Amy is a Lecturer in genomics within the School of Biological Sciences at the University of Canterbury, Christchurch. Originally from the UK, Amy completed a BSc(Hons) in Biomedical Science at King’s College London, and followed this by working as a research associate at the Medical Research Council (Imperial College London) studying the genomics of complex disease. After moving to New Zealand in 2006, Amy spent two years working as a research associate, first with the Wakefield Gastroenterology Research group in Wellington, and then in the Molecular Ecology Research group at the University of Canterbury, Christchurch. Amy undertook her PhD in population genomics at the University of Otago and completed this in 2011 (Dean’s list of Exceptional Theses). Amy has worked as a Postdoctoral Fellow at the University of Colorado Denver (Anschutz Medical Campus), at the University of Otago in Dunedin and also at the University of Otago, Christchurch, with research interests spanning developmental genomics, evolution and development, and epigenetics. Amy’s current research focuses on the interaction between the genome and the environment, via epigenetics.
Lucy is a postdoctoral researcher in the Marine Geosciences department at GNS Science, based in Wellington. She is an environmental microbiologist and specialises in the microbiology of high-temperature environments such as deep-sea hydrothermal vents. Her research aims to understand the interface between the biosphere and geosphere by characterising and cultivating microorganisms that grow using inorganic substrates such as metals, sulfur compounds, methane, and hydrogen.

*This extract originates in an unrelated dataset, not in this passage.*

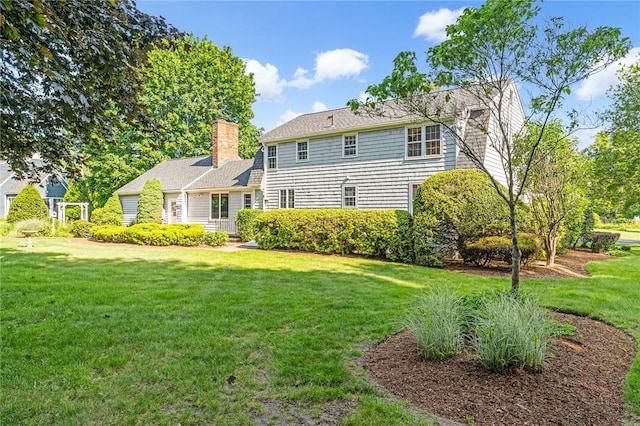 11 Crosswynds Dr, Narragansett, RI 02874 - rear view of property with a lawn and a chimney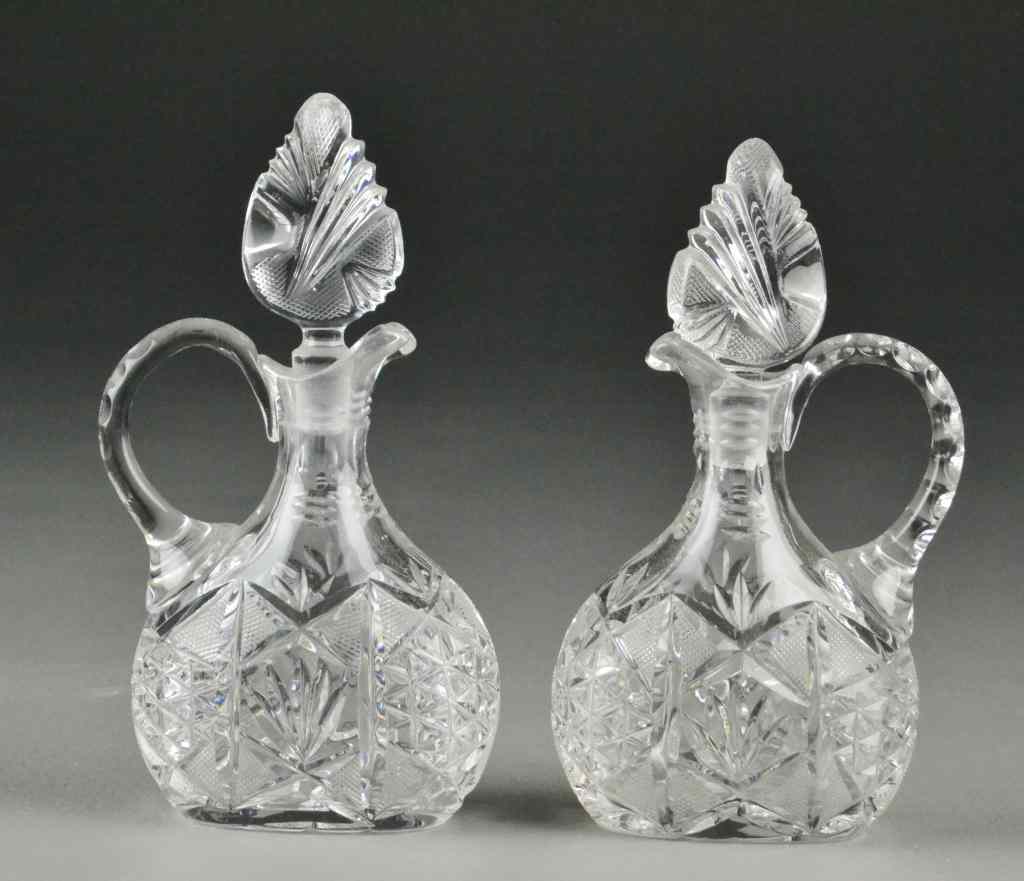 Appraisal: Pair of Cut Crystal Cruets PitcherCruets with handle and stoppers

Lucy received a B.A. in History and a B.Sc.(Hons) in Microbiology from the University of Canterbury. She completed a PhD at the University of Massachusetts (Amherst), supported by a Fulbright scholarship. Upon returning to New Zealand in 2015 she was awarded a Rutherford Postdoctoral Fellowship to characterise the microbial diversity of high-temperature environments along the offshore Kermadec volcanic arc. She is also an investigator on a recently-funded MBIE Endeavour Fund project to study the potential impacts of gas hydrate mining in New Zealand's offshore waters. Lucy sits on the Wellington Early Career Researchers committee.